Saad uses consumption in the broad sense that an economist would, with it encompassing almost all human activities. He maps consumption across four Darwinian modules: reproduction, survival, kin selection and reciprocation. For reproduction, mating itself is a consumption choice, while consumption also serves as a signal to mates. Consumption underpins survival of both oneself and ones kin, with humans having evolved preferences for fatty foods, sugar and sharing with relatives. Consumption also forms the basis of many reciprocal relationships.

While Saad does not explicitly put the text into an economic framework, the analysis is ripe for economic applications. Consumption is shaped by preferences shaped by evolution. Saad has provided much material that could be used in examining those preferences, and the book provides many interesting hypotheses that economists might find value in testing.

Given the depth of the literature already in place in these fields, much of the book involves a critique of findings developed under the standard social science model, which involves assumptions such as the malleability of human nature and a belief that culture cannot be broken down into components. For example, in Saad’s discussion of advertising, it is noted that women in advertisements tend to be young and attractive, the men older than the women, the men taller than the women and so on. This pattern is present across societies, and any cultural explanation concerning trained gender roles suffers from trying to note why there are universal patterns across such seemingly diverse cultures.

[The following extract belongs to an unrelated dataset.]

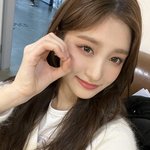 [댓글부탁해] 와 <b>이서</b> 이짤 너무예뻐서 저장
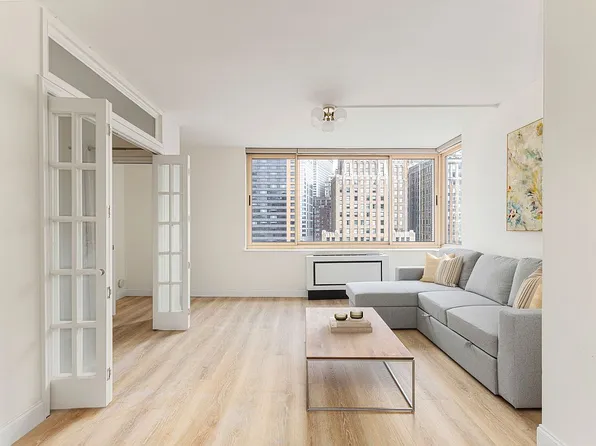 250 S End Ave APT 11E, New York, NY 10280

My main critique of the book is related to a mismatch between what I expect were Saad’s objectives in writing the book and what I wanted to get out of it. For an outsider with no familiarity with the literature in the consumer behaviour and marketing fields, there was questionable value to having the existing academic approaches explained only for them to be pulled down again. It was important for Saad to address these academic approaches, reflecting years of battles to have evolutionary psychology accepted in the consumer and marketing fields. However, it means that the evolutionary framework gets less space than it should.

The evolutionary explanations also get less space than might be expected simply due to the state of the field in 2007. Many of the arguments made by Saad, while logical under an evolutionary framework, had not been fully tested at the time of writing. Even though the book is only five years old, it already feels like there is much new literature that could be included to bolster the arguments. Many of Saad’s conjectures have now been tested (often by himself) and the book would benefit from their inclusion. Due to this, I hope that there is second edition of this book planned. This might also provide the opportunity for the book to be more forward looking and set its own agenda without having to spend so much time dealing with the failings of the consumer and marketing fields.

I should also note that I have not yet read Saad’s The Consuming Instinct: What Juicy Burgers, Ferraris, Pornography, and Gift Giving Reveal About Human Nature. Released last year and benefiting from much of the more recent research, I have been told it is worth the read.